Host a Coffee/Tea "Meet and Greet" Event

The event name says it all. Print off some information on the importance of play, don’t forget to bring your sign-in sheets, and use this opportunity to find out why each person decided to attend the meeting and why play is important and personal to them.

And one more thing—you never know until you know. Until you know all of your neighbors, you won’t know if the mayor’s mother, your local council member, or the city manager is just under your nose. So make sure to invite everyone. Remember, an advocacy initiative for play is just as much about community building as it is about playground building. With a unified community, anything is possible, so make sure your team creates an abundance of casual and formal opportunities to bring people together around the importance of play. And the key is—make it playful!

Consider inviting your legislators to a "Meet and Greet"

Okay, so you’ve established your committee on play, you’ve assessed the status of play in your community, you’ve maybe held a Play Day, you’re the media guru your friends and colleagues now turn to—it’s time to step it up and begin to involve your local legislators. Host a play-themed “meet and greet” and share with your local representatives your Play Committee’s report on the “status of play.”
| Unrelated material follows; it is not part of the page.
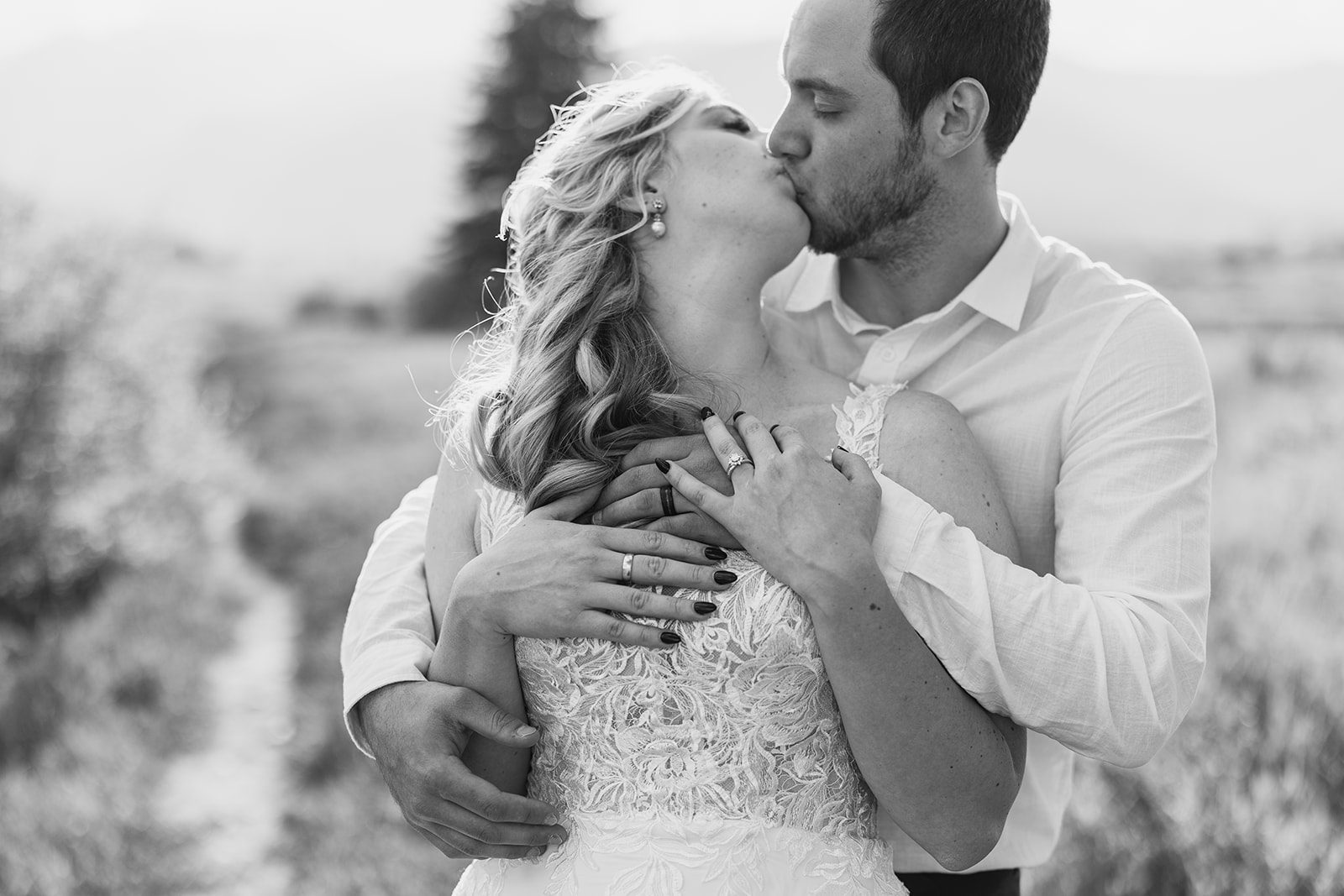 black and white photo bride and groom kissing after 3m curve elopement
Recommendations and questions to consider as you plan for your official’s visit:

  • What role will this official play at your meeting, event, etc.? Will he or she help with some of your talking points, open or close the event with some poignant words, give a brief speech? Provide options for the official to select from.
  • Why should this official attend? Make sure your invitation includes details about the importance of play and how it reflects on issues that are important to this official (for example, childhood obesity, violence/crime prevention, Hurricane Katrina recovery).
  • Invitation procedures
    • Call and get the name, email address, and fax number of the scheduler, or the personnel who handle the official’s schedule.
    • Send a personalized letter, by fax and email, that includes all relevant details.
    • Call the scheduler two to three days after sending the letter, ask about status including a date of decision, and ask if the scheduler needs any additional information.
  • Follow-up
    • Post photos to your organization’s website and provide electronic copies to
      the official.
    • Be sure to write a thank-you note to the official for participating.